Aoba isn’t a scriptwriter by trade, but he had submitted an entry to Kyoto Animation’s periodic novel-writing competition, which is open to amateur authors and issues awards that sometimes include publishing and anime adaptation deals. Though Kyoto Animation confirmed that it had received a submission from Aoba, the company added that it was removed from awards consideration after the first round of judges’ evaluations, and that it had “no similarity to any Kyoto Animation works.”
During the arson investigation, it came to light that Aoba felt Kyoto Animation had stolen his work for use in its Tsurune TV anime, which premiered in 2018 (and is itself an adaptation of a novel series by author Kotoko Ayano). Kyoto Shimbun is now reporting that Aoba has indicated the specific scene that he feels was copied from his novel, with the arsonist saying “The thing Kyoto Animation copied from me was the scene in Tsurune where the main characters buy discounted meat.”
Tsurune, it should be noted, is not a cooking anime. The series follows a group of boys in a high school archery club. The discounted meat scene is a non-consequential moment that takes place in Episode 5, which originally aired on November 18, 2018, exactly eight months before the arson attack took place. In the episode, teammates Minato and Nanao make a shopping run during a training retreat for the club. Minato proposes buying meat that’s near its expiration date, since they’ll be eating it all that day and it’s cheaper. Nanao compliments him on his clever thriftiness, and Minato deflects the praise by saying that it’s something that he’s used to from his family having a tight grocery budget. Then they talk a bit about how another member of the club, Kaito, has a gruff exterior, but is actually a really kind guy, in his own way, underneath.

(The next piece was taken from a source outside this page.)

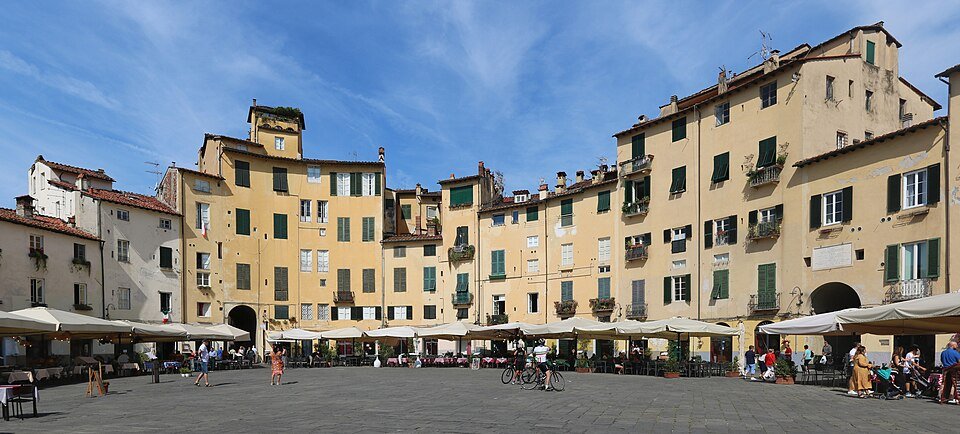 Lucca Piazza Anfiteatro View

▼ Tsurune (not the scene in question)
From just about any angle, it’s an overwhelmingly generic bundle of storytelling tropes and character archetypes, ones that have been established and repeated in hundreds of anime stretching back dozens of TV seasons. Even the idea of picking out soon-to-expire items at the grocery store to stretch your budget is common knowledge in Japan, and the entire scene lasts just two minutes and 25 seconds.
It’s possible that Aoba’s novel used a similar framing device to celebrate a character’s subtle earnestness, and perhaps a desire to have his own self-perceived virtues recognized by others made the idea seem particularly personal to him, but “character has good traits that nobody notices until they’re revealed in an unexpected way” is one of the most standard setups in anime, and so Aoba’s claim that Kyoto Animation owed him a debt for that brief snippet of Tsurune is unlikely to earn him any leniency when punishment is handed down in his trial.